ASSIGNMENT:
Each line of the data must be written out again verbatim; no image belongs in the copy.

--- START ---

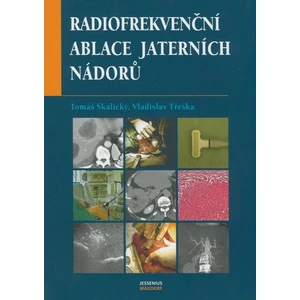 Radiofrekvenční ablace jaterních nádorů - Vladislav Třeška, Tomáš Skalický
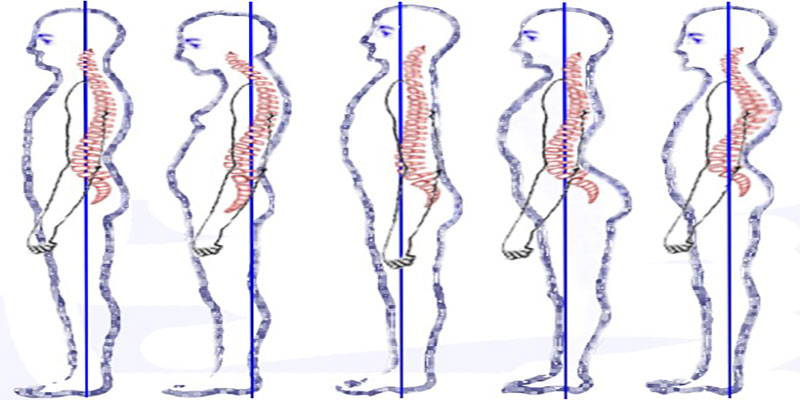 Improve brain function and chronic pain through posture – Natural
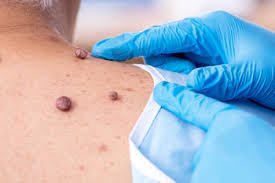 Mole Removal in Dubai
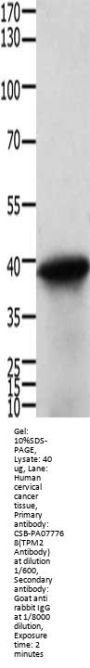 TPM2 Antibody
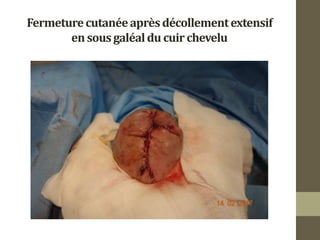 Fermeturecutanéeaprèsdécollementextensif
ensousgaléaldu cuirchevelu
 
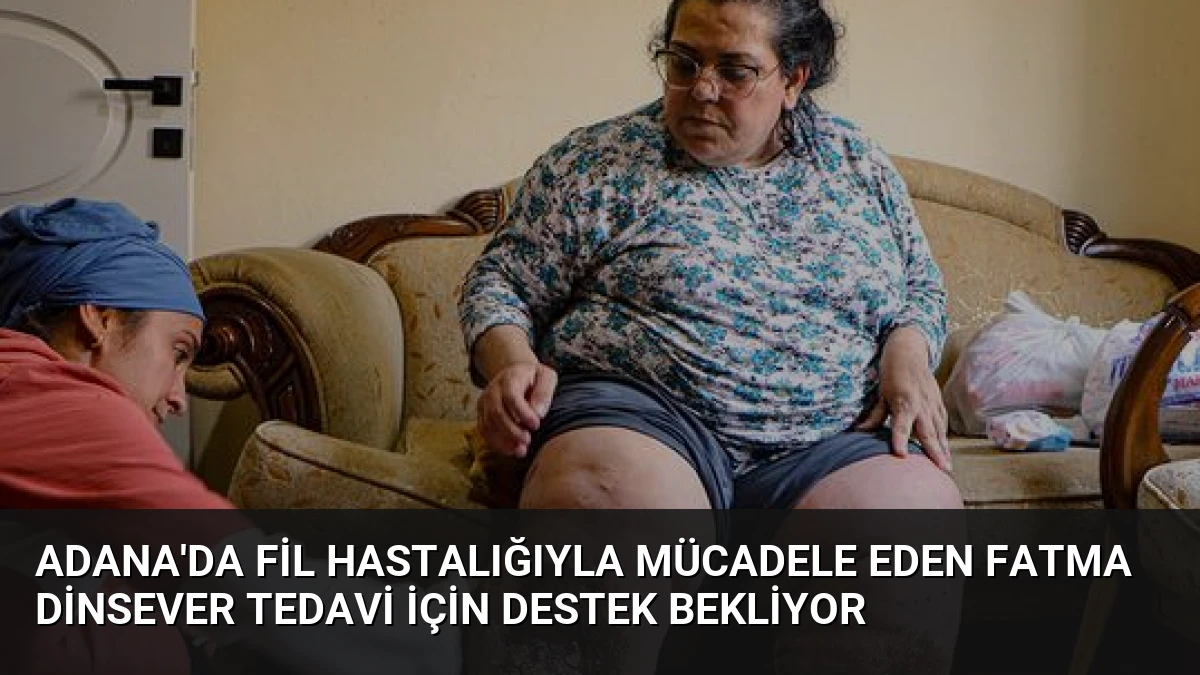 Adana’da Fil Hastalığıyla Mücadele Eden Fatma Dinsever Tedavi İçin Destek Bekliyor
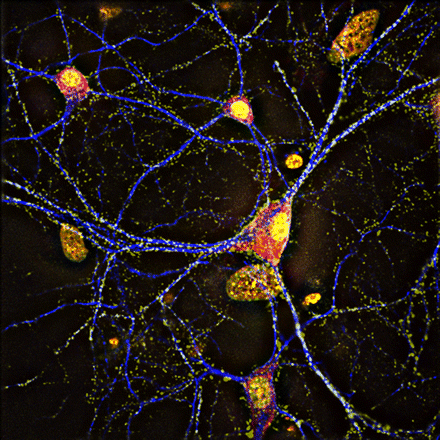 Three-dimensional deconvolved fluorescence image of cultured hippocampal neurons in which cellular components involved in synaptic activity, activity-dependent transcription, and synaptic plasticity are labeled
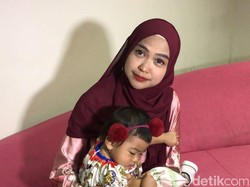 Ketar-ketir Ria Ricis Akan Operasi Hidung karena Sinus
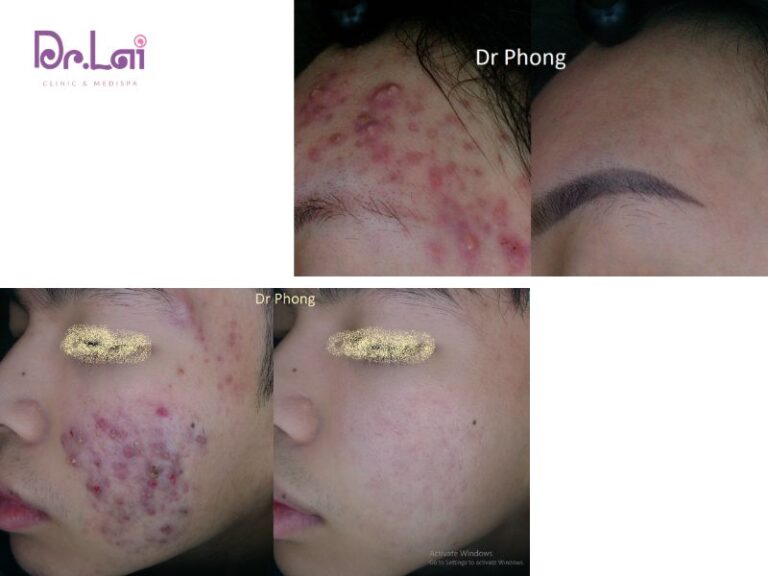 Lấy nhân mụn chuẩn y khoa
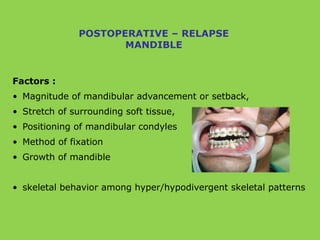 Factors :
• Magnitude of mandibular advancement or setback,
• Stretch of surrounding soft tissue,
• Positioning of mandibular condyles
• Method of fixation
• Growth of mandible
• skeletal behavior among hyper/hypodivergent skeletal patterns
POSTOPERATIVE – RELAPSE
MANDIBLE
 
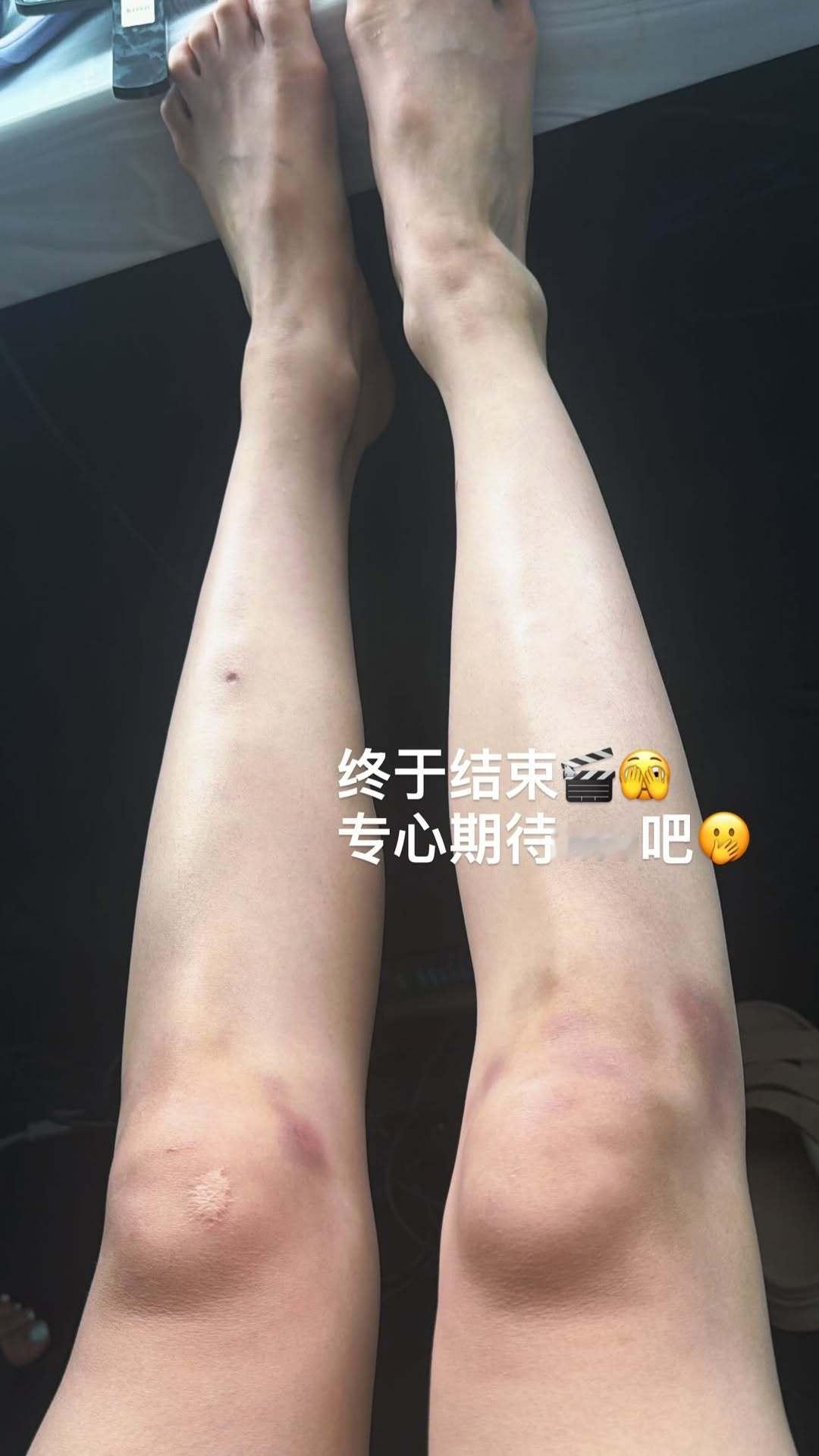 idle组合宋雨琦烟嗓妖精❤️帅气北京狗勾260815 雨琦ig快拍更新 
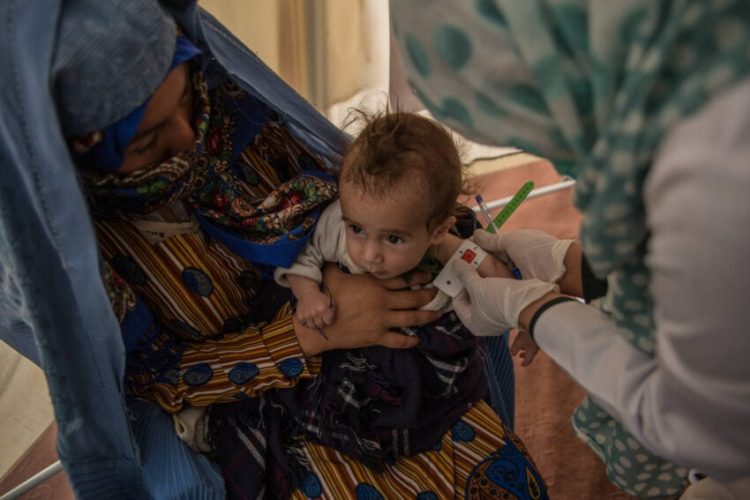 A malnourished child undergoes screening at a nutrition center in Afghanistan, where 3.7 million children under five suffer from acute malnutrition and budget shortages have forced the closure of 305 nutrition facilities. (Photo Credit: WV)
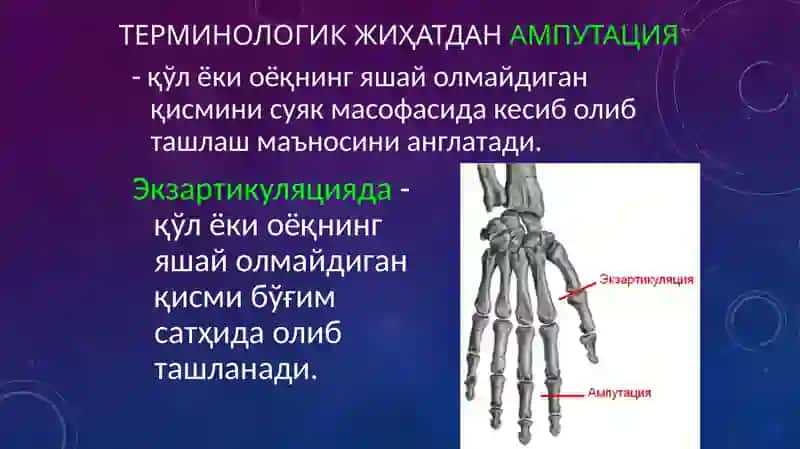Ампутация ва экзартикуляция 2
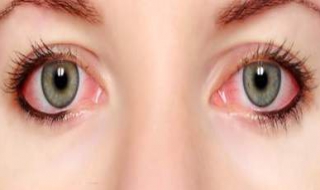眼球有血丝怎么办 ，7种方式帮到你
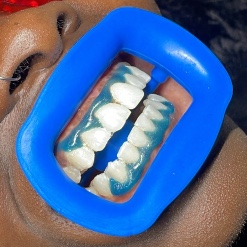 Retouche blanchiment dentaire EXTRA WHITE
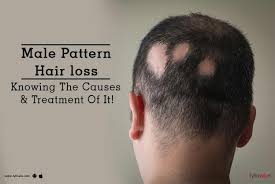 It may sound strange but lifestyle factors such as diet, smoking and stress can cause hair loss. Male Pattern Hair Loss Knowing The Causes Treatment Of It By Dr Ankuja Mhaske Lybrate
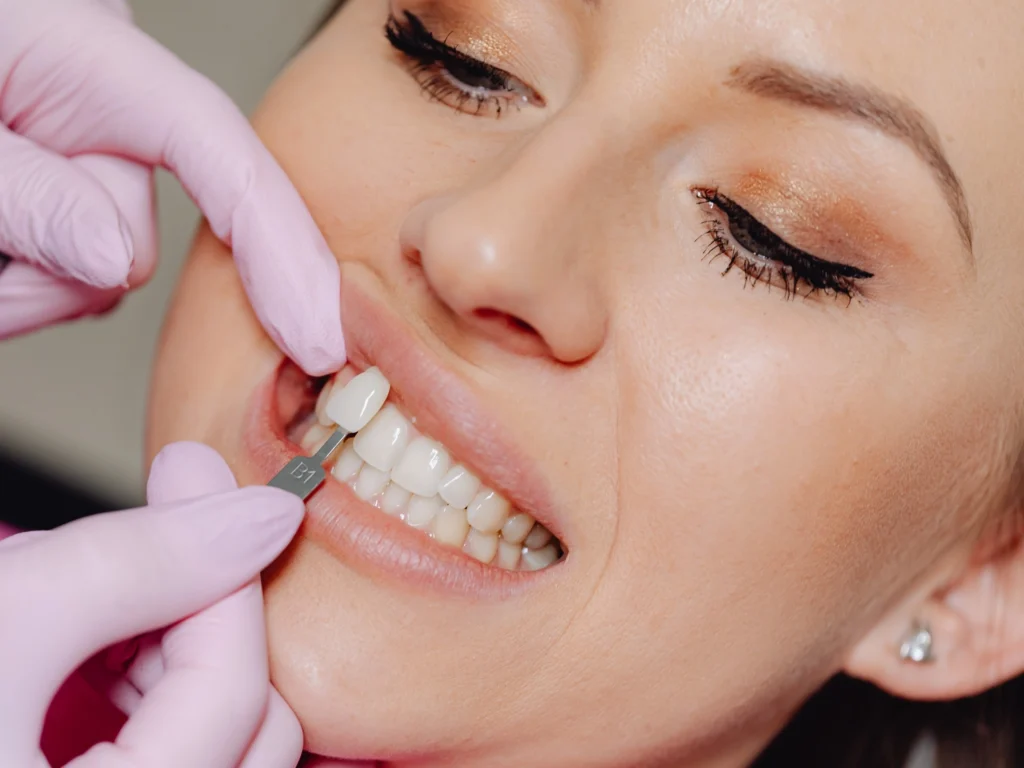 Dental Veneers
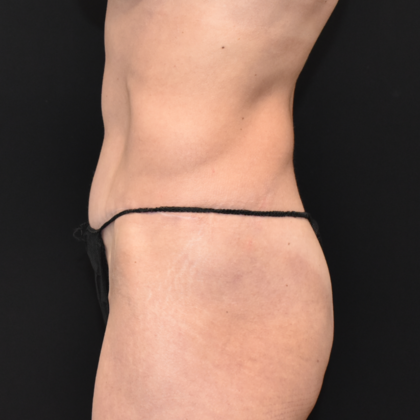 Abdominoplasty: Case 20 - After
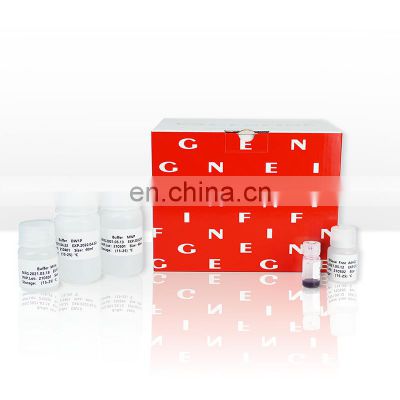 Medical Equipment Nucleic Acid Extraction Reagent Buffer Without Proteinase K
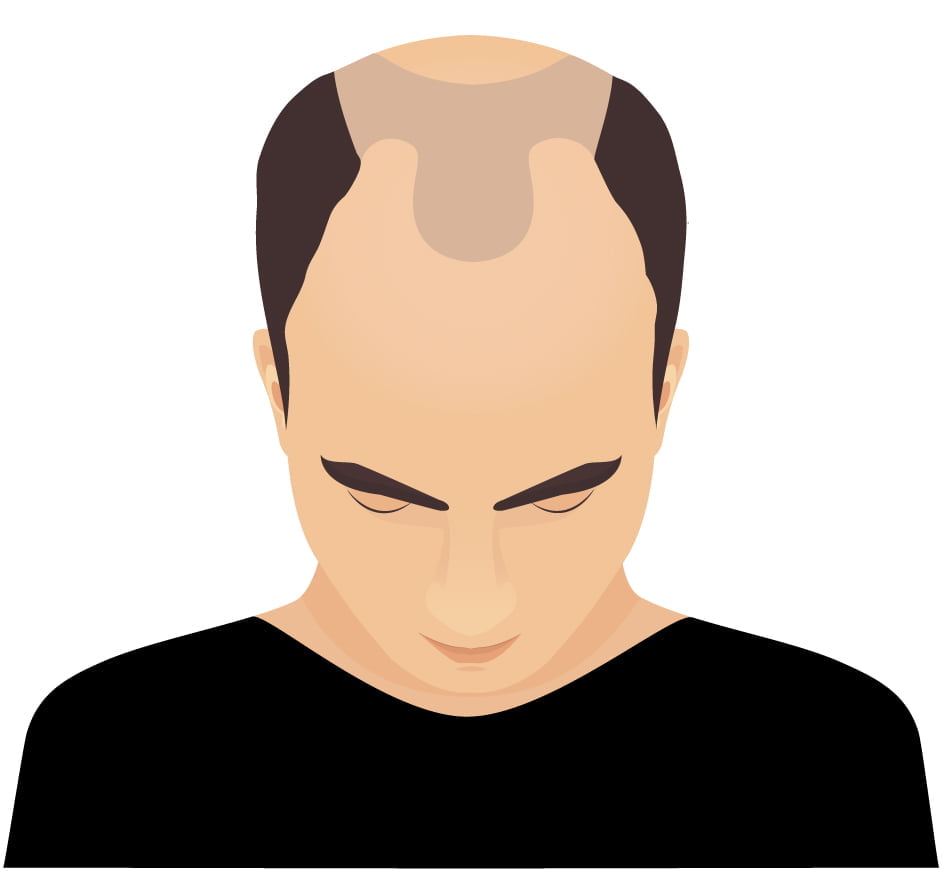 Balding solution for men - Add density to thinning areas for the appearance of thick strong hair for men and women.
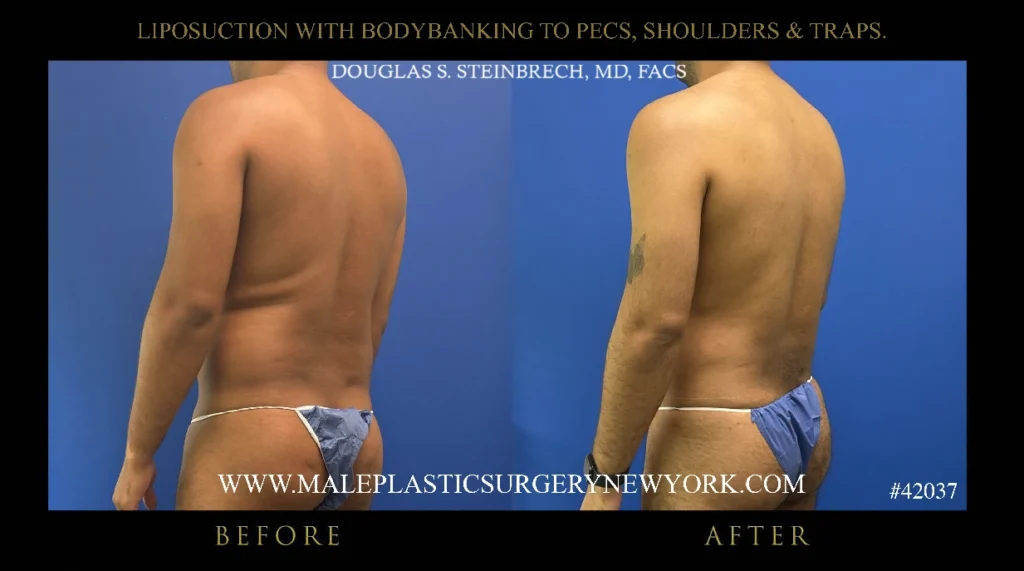 lipo-bodybanking-pecs-shoulders-traps-glutes-45degree-view-ny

--- END ---

EXERCISE ANSWER:
 Radiofrekvenční ablace jaterních nádorů - Vladislav Třeška, Tomáš Skalický
 Improve brain function and chronic pain through posture – Natural
 Mole Removal in Dubai
 TPM2 Antibody
 Fermeturecutanéeaprèsdécollementextensif
ensousgaléaldu cuirchevelu
 
 Adana’da Fil Hastalığıyla Mücadele Eden Fatma Dinsever Tedavi İçin Destek Bekliyor
 Three-dimensional deconvolved fluorescence image of cultured hippocampal neurons in which cellular components involved in synaptic activity, activity-dependent transcription, and synaptic plasticity are labeled
 Ketar-ketir Ria Ricis Akan Operasi Hidung karena Sinus
 Lấy nhân mụn chuẩn y khoa
 Factors :
• Magnitude of mandibular advancement or setback,
• Stretch of surrounding soft tissue,
• Positioning of mandibular condyles
• Method of fixation
• Growth of mandible
• skeletal behavior among hyper/hypodivergent skeletal patterns
POSTOPERATIVE – RELAPSE
MANDIBLE
 
 idle组合宋雨琦烟嗓妖精❤️帅气北京狗勾260815 雨琦ig快拍更新 
 A malnourished child undergoes screening at a nutrition center in Afghanistan, where 3.7 million children under five suffer from acute malnutrition and budget shortages have forced the closure of 305 nutrition facilities. (Photo Credit: WV)
Ампутация ва экзартикуляция 2
眼球有血丝怎么办 ，7种方式帮到你
 Retouche blanchiment dentaire EXTRA WHITE
 It may sound strange but lifestyle factors such as diet, smoking and stress can cause hair loss. Male Pattern Hair Loss Knowing The Causes Treatment Of It By Dr Ankuja Mhaske Lybrate
 Dental Veneers
 Abdominoplasty: Case 20 - After
 Medical Equipment Nucleic Acid Extraction Reagent Buffer Without Proteinase K
 Balding solution for men - Add density to thinning areas for the appearance of thick strong hair for men and women.
 lipo-bodybanking-pecs-shoulders-traps-glutes-45degree-view-ny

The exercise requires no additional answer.